COLLECTED MATERIAL -
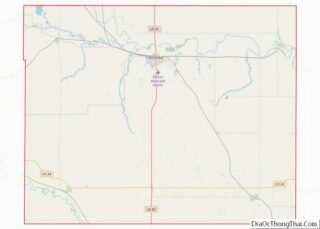 Map of Cloud County, Kansas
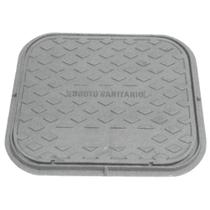 Tampa Tampão de Chão Simples T33 Passagem 48x54cm Ferro Fundido Preto Fundição São Cristóvão Tampa Tampão de Chão Simples T33 Passagem 48x54cm Ferro Fundido Preto Fundição São Cristóvão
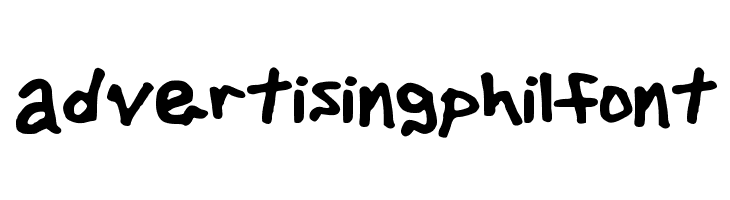 advertisingphilfont  フリーフォントのダウンロード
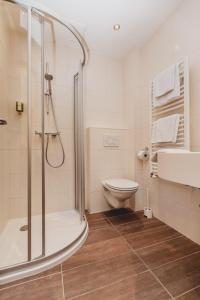 Koupelna v ubytování Gasthof Berghof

WHAT IS BEING ASKED -
The material above holds pictures; copy everything else in it exactly.

WRITTEN SOLUTION -
 Map of Cloud County, Kansas
 Tampa Tampão de Chão Simples T33 Passagem 48x54cm Ferro Fundido Preto Fundição São Cristóvão Tampa Tampão de Chão Simples T33 Passagem 48x54cm Ferro Fundido Preto Fundição São Cristóvão
 advertisingphilfont  フリーフォントのダウンロード
 Koupelna v ubytování Gasthof Berghof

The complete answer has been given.